Forum highlights value of economic census after 34 years in Colombia

At the LR Forum 'Behind the Economic Census: Innovation and Value for Colombia', Dane experts and analysts highlighted the importance of the 2024 economic census, with preliminary results set for November 11, 2025. After 34 years without updating this data, the study will map productive units across the country, especially benefiting small producers. Its role in informed decision-making and microenterprise formalization was emphasized.

The forum, held on October 30, 2025, brought together Andrea Ramírez, Dane's deputy director; Piedad Urdinola, Dane's general director; José Mauricio Salazar, director of the Fiscal Observatory at Universidad Javeriana; María Alejandra Osorio, director of Acopi Bogotá; and Nicolás Gómez, director of the Centro de Analítica Cesa. Urdinola explained that the census, planned since 2019 and collected in 2024 by over 8,000 censistas, cost $335 billion pesos and uses administrative records and hybrid methodology to georeference economic units at national, rural, urban, departmental, and municipal levels.

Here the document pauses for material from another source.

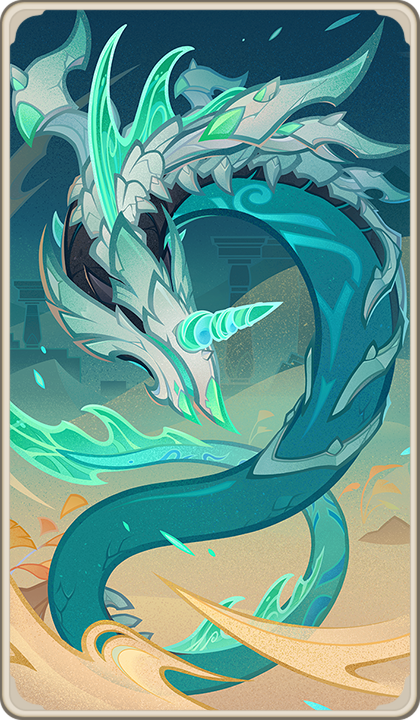 Consecrated Flying Serpent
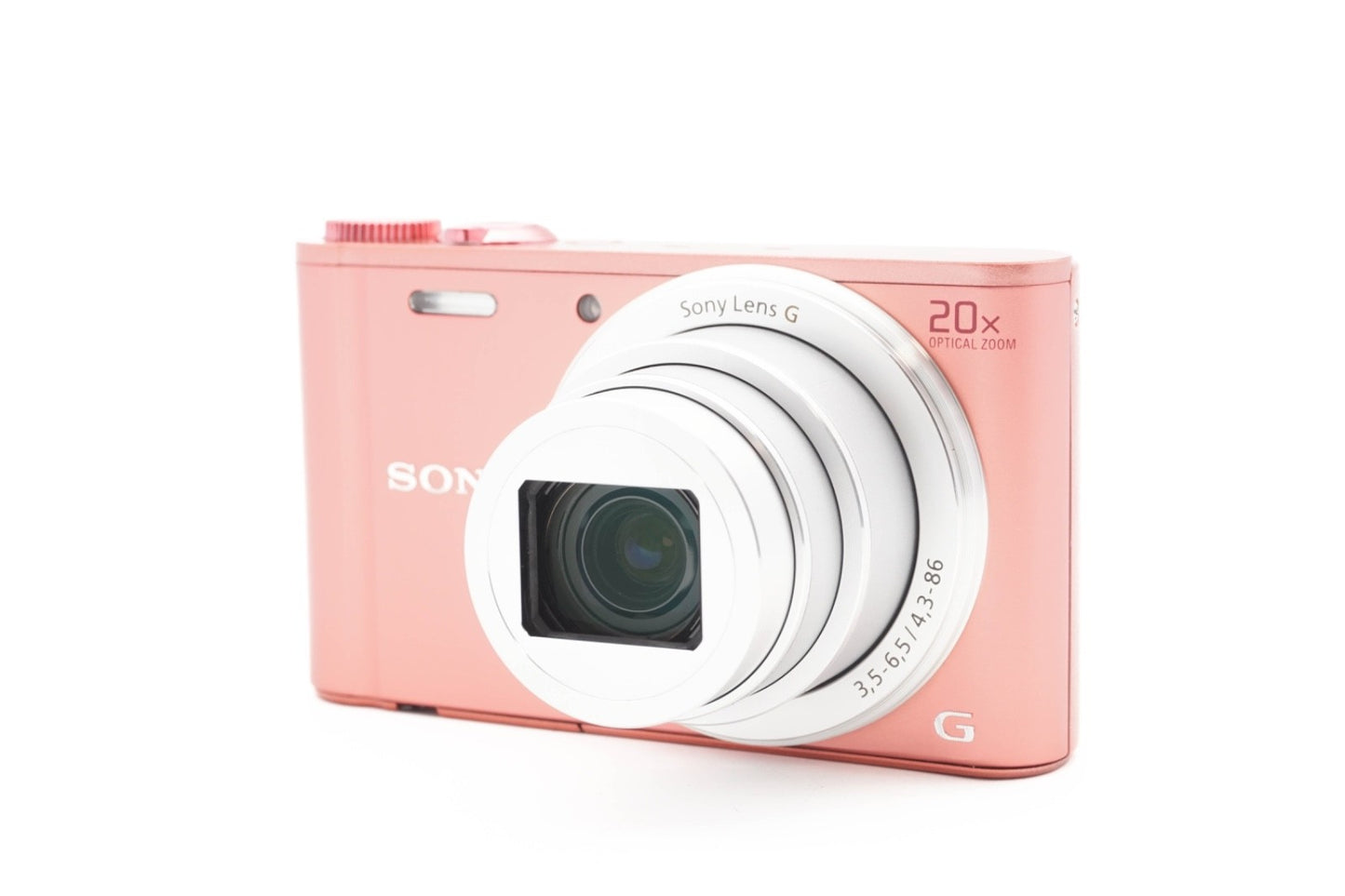 Sony CyberShot DSC-WX350 Digitalkamera Kamera Kompaktkameras Zoom - Refurbished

Ramírez detailed coverage of sectors like commerce and services, construction, transport, manufacturing industry, public administration, public utility services, street vendors, and financial services. It includes a gender focus to identify business owners and maps the popular seller network. 'Small producers will have the greatest opportunity for improvement,' Ramírez noted, envisioning a map of bakeries, tire shops, and stores.

Osorio highlighted that 90% of businesses are microenterprises, key for employment and social mobility. Of 5.2 million micronegocios, only 10% have commercial registration and 22% RUT, underscoring formalization needs. Salazar praised the data for analyzing productive capacity and policy effects like minimum wage, despite Dane's budget cuts: $1.2 trillion this year and $0.8 trillion next.

Gómez emphasized the full census advantage over sampling, avoiding 'garbage in – garbage out,' and enabling better policies. Urdinola added innovations like APIs for access, university alliances, and a geovisor. Final results will arrive in the first semester of 2026, followed by the agricultural census in 2027. 'Economic censuses are key to having information and making better decisions,' Urdinola concluded.